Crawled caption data

=== Section Start ===

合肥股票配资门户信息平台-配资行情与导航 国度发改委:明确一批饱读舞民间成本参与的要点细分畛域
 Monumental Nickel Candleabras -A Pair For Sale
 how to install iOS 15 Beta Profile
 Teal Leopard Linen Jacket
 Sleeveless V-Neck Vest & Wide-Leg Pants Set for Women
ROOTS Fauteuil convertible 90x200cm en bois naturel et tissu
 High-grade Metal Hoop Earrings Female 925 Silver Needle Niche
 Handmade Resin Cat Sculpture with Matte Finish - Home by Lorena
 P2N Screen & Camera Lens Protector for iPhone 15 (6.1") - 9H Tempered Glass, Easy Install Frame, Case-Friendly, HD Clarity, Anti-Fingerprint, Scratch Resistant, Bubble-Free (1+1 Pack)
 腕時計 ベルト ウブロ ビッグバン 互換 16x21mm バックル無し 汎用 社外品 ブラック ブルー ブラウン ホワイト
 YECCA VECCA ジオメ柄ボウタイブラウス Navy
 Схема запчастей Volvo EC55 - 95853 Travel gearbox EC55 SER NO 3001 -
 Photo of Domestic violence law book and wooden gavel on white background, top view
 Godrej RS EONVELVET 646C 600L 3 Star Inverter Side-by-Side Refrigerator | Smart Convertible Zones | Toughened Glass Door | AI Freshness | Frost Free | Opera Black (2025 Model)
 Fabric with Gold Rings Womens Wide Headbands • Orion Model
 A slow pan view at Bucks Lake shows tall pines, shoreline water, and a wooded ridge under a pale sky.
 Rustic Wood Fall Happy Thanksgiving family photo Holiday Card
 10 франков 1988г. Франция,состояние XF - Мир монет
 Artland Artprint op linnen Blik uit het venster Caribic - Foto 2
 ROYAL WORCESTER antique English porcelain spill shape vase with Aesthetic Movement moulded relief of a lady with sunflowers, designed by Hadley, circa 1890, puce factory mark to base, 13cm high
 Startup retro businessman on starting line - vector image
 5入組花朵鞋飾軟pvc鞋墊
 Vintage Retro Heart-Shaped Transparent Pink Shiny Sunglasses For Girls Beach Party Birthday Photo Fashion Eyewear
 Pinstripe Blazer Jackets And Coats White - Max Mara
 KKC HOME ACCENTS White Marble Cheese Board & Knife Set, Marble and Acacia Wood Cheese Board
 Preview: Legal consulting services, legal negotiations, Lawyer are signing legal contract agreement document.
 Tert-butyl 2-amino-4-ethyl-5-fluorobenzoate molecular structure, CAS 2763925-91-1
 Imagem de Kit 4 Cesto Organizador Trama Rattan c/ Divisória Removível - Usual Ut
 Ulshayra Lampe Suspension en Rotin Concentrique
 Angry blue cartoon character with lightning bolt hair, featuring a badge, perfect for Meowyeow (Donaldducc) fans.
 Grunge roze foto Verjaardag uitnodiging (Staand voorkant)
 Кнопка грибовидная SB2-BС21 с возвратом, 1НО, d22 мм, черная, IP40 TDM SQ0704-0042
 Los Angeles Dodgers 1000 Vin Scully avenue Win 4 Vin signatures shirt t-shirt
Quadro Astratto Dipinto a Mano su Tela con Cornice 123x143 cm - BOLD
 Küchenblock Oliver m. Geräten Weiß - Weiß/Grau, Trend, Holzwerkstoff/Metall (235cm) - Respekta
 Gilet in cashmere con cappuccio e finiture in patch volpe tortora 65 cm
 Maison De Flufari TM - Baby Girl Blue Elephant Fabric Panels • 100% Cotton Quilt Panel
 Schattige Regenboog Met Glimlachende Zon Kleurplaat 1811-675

=== Section End ===

In the records above, find the line with "Preview: Legal consulting"; write out exactly that line and each one after it, stopping after the line with "Quadro Astratto Dipinto".

YOUR SOLUTION.
 Preview: Legal consulting services, legal negotiations, Lawyer are signing legal contract agreement document.
 Tert-butyl 2-amino-4-ethyl-5-fluorobenzoate molecular structure, CAS 2763925-91-1
 Imagem de Kit 4 Cesto Organizador Trama Rattan c/ Divisória Removível - Usual Ut
 Ulshayra Lampe Suspension en Rotin Concentrique
 Angry blue cartoon character with lightning bolt hair, featuring a badge, perfect for Meowyeow (Donaldducc) fans.
 Grunge roze foto Verjaardag uitnodiging (Staand voorkant)
 Кнопка грибовидная SB2-BС21 с возвратом, 1НО, d22 мм, черная, IP40 TDM SQ0704-0042
 Los Angeles Dodgers 1000 Vin Scully avenue Win 4 Vin signatures shirt t-shirt
Quadro Astratto Dipinto a Mano su Tela con Cornice 123x143 cm - BOLD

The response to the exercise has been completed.